Corte di Cassazione sentenza n. 18833/2018: Si può raffigurare il delitto di maltrattamenti in famiglia se i figli sono costretti ad assistere a continue discussioni violente tra i genitori:

Nel caso in esame la Cassazione si è pronunciata sul ricorso promosso da una donna condannata in concorso con il convivente per il reato ex art. 572 c.p. di maltrattamenti in famiglia ai danni dei loro due figli minori. Ed infatti i giudici di merito avevano ritenuto che i maltrattamenti erano rappresentati da tutti i litigi svolti davanti ai figli che ormai erano costretti a convivere con un clima di terrore e continua agitazione, costretti ad assistere “alle reiterate manifestazioni di reciproca conflittualità realizzate nell’ambito del rapporto di convivenza” tra i loro genitori e che si concretizzavano “mediante ripetuti episodi di aggressività fisica e psicologica, con condotte vessatorie e continui litigi, minacce e danneggiamenti di suppellettili, loro violente liti”.
Secondo la Corte d’Appello i maltrattamenti erano consistiti in molteplici episodi di violenza assistita, atteso che i minori erano costretti ad assistere passivamente alle violente discussioni dei loro genitori.
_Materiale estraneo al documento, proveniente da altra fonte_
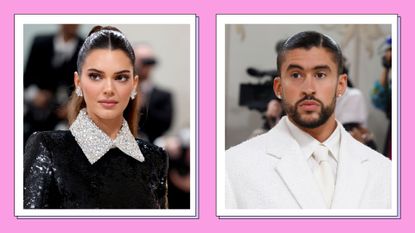 Kendall Jenner and Bad Bunny Met Gala appearances: Kendall pictured wearing a black shimmery top with a white collar alongside a picture of Bad Bunny wearing a white suit as they attend the Met Gala 2023 in NYC/ in a two picture purple and blue template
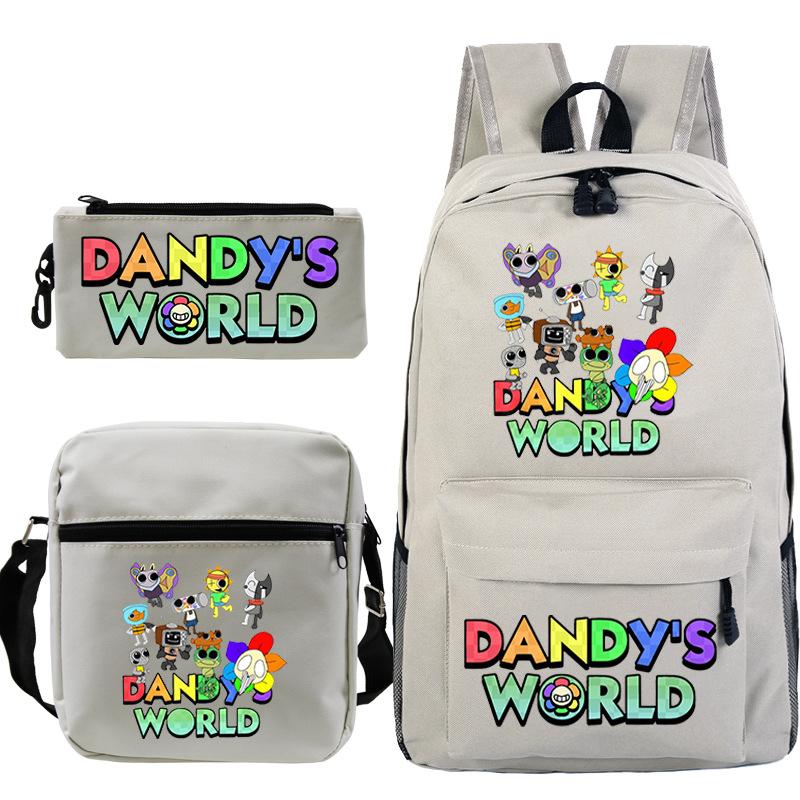 Neue Dandy-Welt Peripherie Druck Schultasche Student Lässige Federtasche Umhängetasche Dreiteiliges Set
Secondo la Cassazione i maltrattamenti nel caso di specie sussistono in quanto nel litigare in presenza dei figli i loro genitori avevano creato una atmosfera di angosce e agitazione, potenziali cause di traumi nei minori. Pertanto per gli Ermellini il delitto di maltrattamenti si può configurare anche nel caso in cui le condotte prevaricatrici non siano rivolte direttamente ai figli minori, ma li coinvolgono indirettamente, quali inermi spettatori di violenti liti. In tali casi certamente però occorre una prova molto rigorosa dei fatti e si dovrà altresì dimostrare che l’illecito abbia provocato un grave stato di sofferenza psicofisica nei minori, quali spettatori passivi.

Ma nel caso che ci occupa la Corte di Appello non aveva verificato se il rapporto altamente conflittuale dei genitori avesse reale e concreta valenza maltrattante, pertanto la sentenza doveva essere annullata per difetto di motivazione. Non si disponeva alcun rinvio, atteso che nelle more il reato si era estinto in quanto prescritto.